My dog's butt smells like ass.

 

[upsciLLion]

Originally posted by: Brutuskend
My dog's butt smells like ass.

Why have you been smelling your dogs butt? :shocked:

 

[MrCodeDude]

Originally posted by: Brutuskend
My dog's butt smells like ass.

FANTASTIC!

 

[MrCodeDude]

Originally posted by: dopcombo
e^x^x^x.... =10

x^x^x^x.... = ln 10

x^(x^x^x...) = ln 10

x^(ln 10) = ln 10

x = (ln 10)^(1/ln 10)

?

Thank you, I'll tell you if you were correct tomorrow.

 

[TuxDave]

x=ln(10)^(1/ln(10))

GODDAMIT... too slow...

 

[OOBradm]

Originally posted by: Brutuskend
My dog's butt smells like ass.

Teh Winnar!

 

[chuckywang]

this is just one of those recursive problems.....just have to be careful that it actually converges. not a problem for this problem.

 

[Goosemaster]

if x=0, then the answer would be 1.

Looks like it is taylor polynomials......x^x.......should approach ln10

 

[chuckywang]

Originally posted by: Goosemaster
if x=0, then the answer would be 1.

Looks like it is taylor polynomials......x^x.......should approach ln10

you sure about that?
if x = 0, then 0^0^0^ .... = y, which implies that 0^y = y which has no solution.

 

[Goosemaster]

whoops....I forgot about e..I meant that e^0=1 , so with laylor polynomails the ploynomaial functions would approach 10...not ln10.

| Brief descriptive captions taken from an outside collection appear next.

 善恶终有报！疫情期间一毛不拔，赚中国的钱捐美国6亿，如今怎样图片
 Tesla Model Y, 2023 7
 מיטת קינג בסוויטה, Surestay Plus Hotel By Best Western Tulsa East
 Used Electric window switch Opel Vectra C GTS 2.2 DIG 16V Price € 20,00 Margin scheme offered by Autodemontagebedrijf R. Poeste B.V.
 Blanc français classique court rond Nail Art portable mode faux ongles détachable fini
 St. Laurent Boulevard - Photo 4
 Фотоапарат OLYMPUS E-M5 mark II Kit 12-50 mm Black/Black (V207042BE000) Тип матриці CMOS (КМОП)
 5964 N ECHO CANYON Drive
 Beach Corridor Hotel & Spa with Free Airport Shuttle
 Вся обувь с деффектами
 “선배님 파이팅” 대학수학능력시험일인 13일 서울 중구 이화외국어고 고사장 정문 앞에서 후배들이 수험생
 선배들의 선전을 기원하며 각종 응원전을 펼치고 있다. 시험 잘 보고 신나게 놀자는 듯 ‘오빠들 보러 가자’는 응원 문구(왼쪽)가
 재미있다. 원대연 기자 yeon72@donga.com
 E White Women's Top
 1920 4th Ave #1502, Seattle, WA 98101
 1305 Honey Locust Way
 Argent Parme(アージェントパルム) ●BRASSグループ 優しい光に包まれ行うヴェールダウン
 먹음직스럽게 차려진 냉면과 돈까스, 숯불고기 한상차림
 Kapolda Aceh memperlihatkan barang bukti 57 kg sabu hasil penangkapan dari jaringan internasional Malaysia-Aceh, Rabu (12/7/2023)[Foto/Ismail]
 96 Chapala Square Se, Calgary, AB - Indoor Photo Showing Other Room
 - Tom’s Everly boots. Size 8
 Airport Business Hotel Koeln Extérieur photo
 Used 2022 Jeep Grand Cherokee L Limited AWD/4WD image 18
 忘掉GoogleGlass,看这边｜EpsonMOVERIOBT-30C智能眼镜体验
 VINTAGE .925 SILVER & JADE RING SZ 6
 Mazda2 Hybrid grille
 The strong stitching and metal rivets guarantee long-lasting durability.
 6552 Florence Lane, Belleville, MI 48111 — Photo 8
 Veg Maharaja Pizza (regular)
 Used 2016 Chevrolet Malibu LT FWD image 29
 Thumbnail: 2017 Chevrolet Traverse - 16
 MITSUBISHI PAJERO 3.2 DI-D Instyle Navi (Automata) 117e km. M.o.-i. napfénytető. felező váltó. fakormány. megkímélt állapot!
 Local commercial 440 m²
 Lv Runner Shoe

Poor bastard..I hated these type of problems....what was it again: x^0 + (x-n)^N/n!....

 

[chuckywang]

Originally posted by: Goosemaster
whoops....I forgot about e..I meant that e^0=1 , so with laylor polynomails the ploynomaial functions would approach 10...not ln10.

Poor bastard..I hated these type of problems....what was it again: x^0 + (x-n)^N/n!....

e^x = SUM(x^n/n!,n,0,infinity). I'm not sure what you mean when you say the taylor polynomials would appraoch 10.

 

[dopcombo]

Originally posted by: MrCodeDude

Originally posted by: dopcombo
e^x^x^x.... =10

x^x^x^x.... = ln 10

x^(x^x^x...) = ln 10

x^(ln 10) = ln 10

x = (ln 10)^(1/ln 10)

?

Thank you, I'll tell you if you were correct tomorrow.

MrCodeDude, Eheh, were TuxDave and I right? Or was it some other way of converging it?